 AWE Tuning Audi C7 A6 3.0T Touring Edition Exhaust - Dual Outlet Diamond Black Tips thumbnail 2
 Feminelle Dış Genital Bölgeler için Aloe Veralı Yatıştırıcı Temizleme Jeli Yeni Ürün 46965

━━━

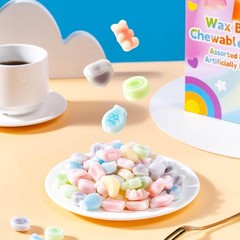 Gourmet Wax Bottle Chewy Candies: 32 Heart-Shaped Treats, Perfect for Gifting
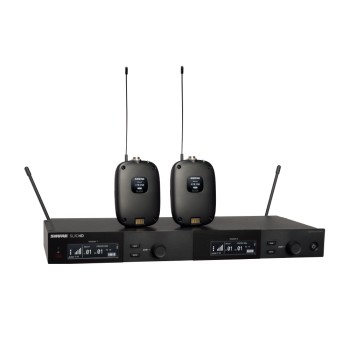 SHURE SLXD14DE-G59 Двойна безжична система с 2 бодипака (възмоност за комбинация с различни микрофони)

━━━

Work order =
Retype word for word everything in the listing above from the line that holds "AWE Tuning Audi" down to the line that holds "Feminelle Dış Genital". Keep both end lines and leave out the rest.

Result below =
 AWE Tuning Audi C7 A6 3.0T Touring Edition Exhaust - Dual Outlet Diamond Black Tips thumbnail 2
 Feminelle Dış Genital Bölgeler için Aloe Veralı Yatıştırıcı Temizleme Jeli Yeni Ürün 46965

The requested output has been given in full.